In the material below, the lines from the one containing "Bague Jazz or blanc & diamants" through the one containing "Long Mermaid V-Neck" are to be given again exactly, ends included, and no others.

__Data extracts__
◆ ◆ ◆ ◆
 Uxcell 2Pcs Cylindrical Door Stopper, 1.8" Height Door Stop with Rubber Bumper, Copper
◆ ◆ ◆ ◆
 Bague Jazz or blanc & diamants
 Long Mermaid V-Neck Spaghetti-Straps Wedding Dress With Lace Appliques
◆ ◆ ◆ ◆
__Exercise answer__
 Bague Jazz or blanc & diamants
 Long Mermaid V-Neck Spaghetti-Straps Wedding Dress With Lace Appliques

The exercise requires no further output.